光学 精密工程, 2018, 26 (11): 2732, 网络出版: 2019-01-10
小孔隙率碳纤维复合材料的富树脂超声检测
Ultrasonic detection of rich-resin in low-porosity CFRP
小孔隙率碳纤维复合材料 富树脂 变分模态分解 Otsu多阈值 多视图成像 软件开发 low-porosity Carbon Fiber Reinforced Plastic(CFRP) rich-resin variational mode decomposition multi-threshold Otsu method multi-view imaging software development
摘要
针对孔隙率接近0的小孔隙率碳纤维复合材料(Carbon Fiber Reinforced Composite, CFRP)的富树脂检测需求, 提出富树脂超声检测技术。对超声检测信号中的噪声消除方法、衰减抑制方法和富树脂检测的多视图成像技术进行研究, 并开发小孔隙率CFRP富树脂超声检测软件。首先提出共振频率估计方法, 通过低通滤波抑制高频随机噪声。其次根据频率差异, 应用变分模态分解算法分离并消除共振结构噪声, 提取低频成分。该低频成分包括表面回波、底面回波、富树脂反射信号和由层间反射信号、材料散射噪声等构成的相干噪声。再次, 引入瞬时幅值比修正低频成分的幅值衰减并描述被检测小孔隙率CFRP的局部反射能力。最后, 应用Otsu多阈值方法自适应获得富树脂识别的阈值, 消除相干噪声的影响, 完成富树脂识别。进一步对小孔隙率CFRP的超声检测结果进行多视图成像, 在三维视图、C扫描视图和B扫描视图内识别富树脂。结果表明: 变分模态分解的分量数为2, Otsu多阈值的类别数为3时, 能够准确识别小孔隙率CFRP超声检测信号中的富树脂反射信号; 采用0.15作为多视图成像的阈值, 可简洁有效地描述富树脂在小孔隙率CFRP中的分布。
Abstract
To satisfy the demand of rich-resin defect detection in the so-called low-porosity carbon fiber reinforced composite (CFRP) with porosity close to zero, an ultrasonic testing methodology was proposed in this article.
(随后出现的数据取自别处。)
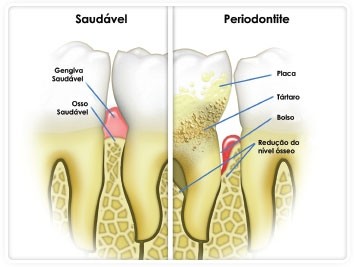 Dentista Periodontia em Inocoop - Cirurgia Periodontal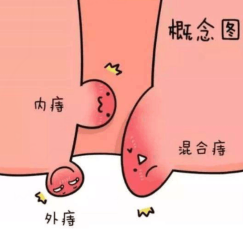 合肥肛门检查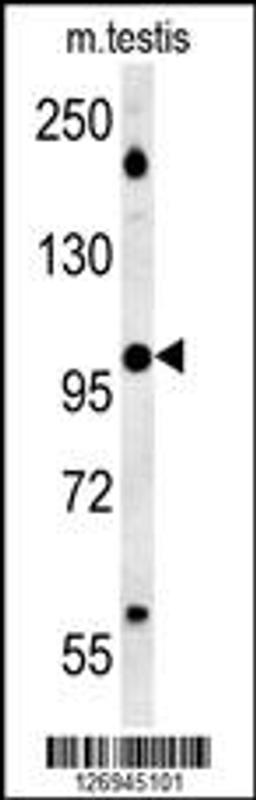 Western blot analysis in mouse testis tissue lysates (15ug/lane).This demonstrates the detected BRWD2 protein (arrow).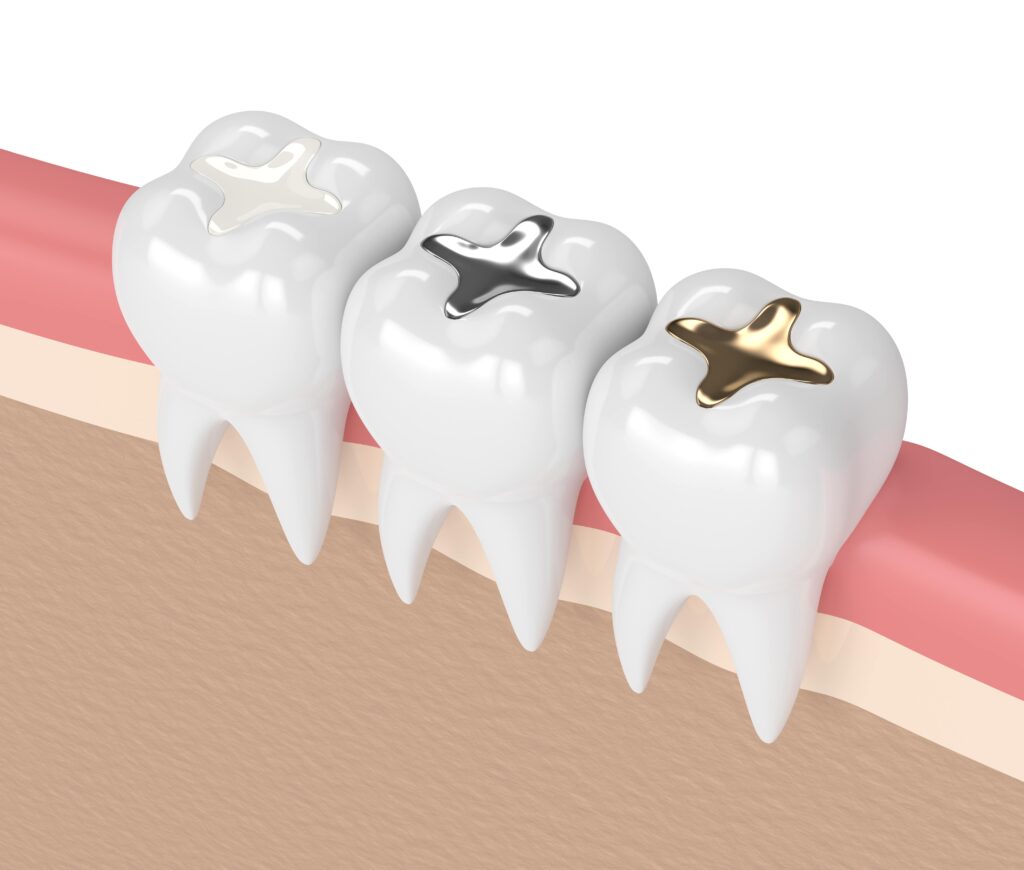 Dental Fillings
The denoising methods, attenuation suppression method, and 3D imaging technology for rich-resin identification are investigated, and low-porosity CFRP rich-resin detection software was developed. The rich resin was detected in four steps. First, the resonant frequency was estimated, and the high-frequency stochastic noise was suppressed. Second, variational mode decomposition (VMD) was used to separate the resonant structure noise and extract the low-frequency component. The low-frequency component consisted of the front-wall echo, back-wall echo, rich-resin reflection signal, and remaining coherent noise made up of the interlayer reflection signals and material scattering noise. Third, the instant amplitude ratio was introduced to correct the envelop attenuation of the low-frequency component and describe the local reflectivity of the low-porosity CFRP. Finally, the multi-threshold Otsu method was used to search the threshold of the rich-resin detection, resulting in the elimination of interference and finishing the detection of rich resin. Further, multi-view imaging was performed on the test results, and the rich resin was identified in the 3D, C-scan, and B-scan imaging processes. The experimental results show that when the VMD mode was set to two and the classes in the multi-threshold Otsu method are set to three, a rich-resin reflection signal can be detected. When the threshold in the multi-view imaging is set to 0.15, the rich resin can be effectively characterized.
曾祥, 杨辰龙, 周晓军, 滕国阳. 小孔隙率碳纤维复合材料的富树脂超声检测[J]. 光学 精密工程, 2018, 26(11): 2732. ZENG Xiang, YANG Chen-long, ZHOU Xiao-jun, TENG Guo-yang. Ultrasonic detection of rich-resin in low-porosity CFRP[J]. Optics and Precision Engineering, 2018, 26(11): 2732.